Die Anklage gegen den früheren SS-Mann lautete: Beihilfe zum Mord. 1944 soll er an der Erschießung eines Niederländers beteiligt gewesen sein. Die Staatsanwaltschaft hatte deshalb eine lebenslange Haftstrafe beantragt. Die Verteidigung forderte hingegen einen Freispruch, weil B. von dem Vorhaben der Vorgesetzten nichts gewusst und auch nicht selbst geschossen haben soll. Die Vorsitzende Richterin nannte die Einstellung am Mittwoch (08.01.2014) eine für viele "unerwartete Entscheidung". Die Kammer gehe zwar zumindest von einem Totschlag aus. Mordmerkmale hätten aber nicht mehr nachgewiesen werden können. Der Vorwurf des Totschlags sei verjährt.

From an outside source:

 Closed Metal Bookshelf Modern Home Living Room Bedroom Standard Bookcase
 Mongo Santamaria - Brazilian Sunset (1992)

Von hinten in den Kopf geschossen

Der gebürtige Niederländer B. hatte sich während des Krieges freiwillig zur Waffen-SS gemeldet. Nach einer Verletzung während des Russlandfeldzuges wurde er in die Grenz- und Hafenstadt Delfzijl versetzt. Dort wurde am 21. September 1944 der Widerstandskämpfer getötet. Die Alliierten waren zu diesem Zeitpunkt in den Niederlanden auf dem Vormarsch. Adolf Hitler hatte kurz zuvor den sogenannten Niedermachungsbefehl gegeben.

Laut Anklage nahmen B. und ein direkter Vorgesetzter den niederländischen Widerstandskämpfer als Gefangenen im Auto mit und forderten ihn während der Fahrt dazu auf, auszusteigen. B. und sein Vorgesetzter sollen dem Mann dann von hinten in den Kopf geschossen haben. Die SS-Männer behaupteten später, der Widerstandskämpfer habe fliehen wollen. Mehrere Aussagen von Zeitzeugen wurden in dem Prozess vor dem Hagener Landgericht verlesen. Darunter die der Schwester des Opfers, sowie die einer ehemaligen Freundin von B.s Frau und einer Dolmetscherin, die bei Verhören von Widerstandskämpfern in Groningen dabei war. Sie hatte berichtet, dass Häftlinge damals auch ohne Prozess erschossen wurden.

Bereits 1980 wegen Beihilfe zum Mord verurteilt

B. war schon 1949 in den Niederlanden von einem Sondergericht in Abwesenheit zum Tode verurteilt worden. Später wurde das Urteil in lebenslange Haft umgewandelt. Damals war B. bereits in Deutschland untergetaucht. Auch hier wurde er 1980 zu sieben Jahren Haft verurteilt, wegen Beihilfe zum Mord an zwei niederländischen Juden. Das Ermittlungsverfahren wurde eingestellt, weil die Anklage lediglich auf Totschlag lautete, der jedoch bereits verjährt war. Nun wurde neu verhandelt, weil die Staatsanwaltschaft inzwischen von Mord ausging, der nicht verjährt.

Das Urteil ist noch nicht rechtskräftig, Revision beim Bundesgerichtshof ist möglich. Die Staatsanwaltschaft will das Urteil zunächst prüfen. Der Anwalt der Nebenklägerin, der 97 Jahre alten Schwester des Opfers, will zunächst seine Mandantin über den Ausgang informieren. "Dieses Urteil wird sie sehr schockieren", sagte er.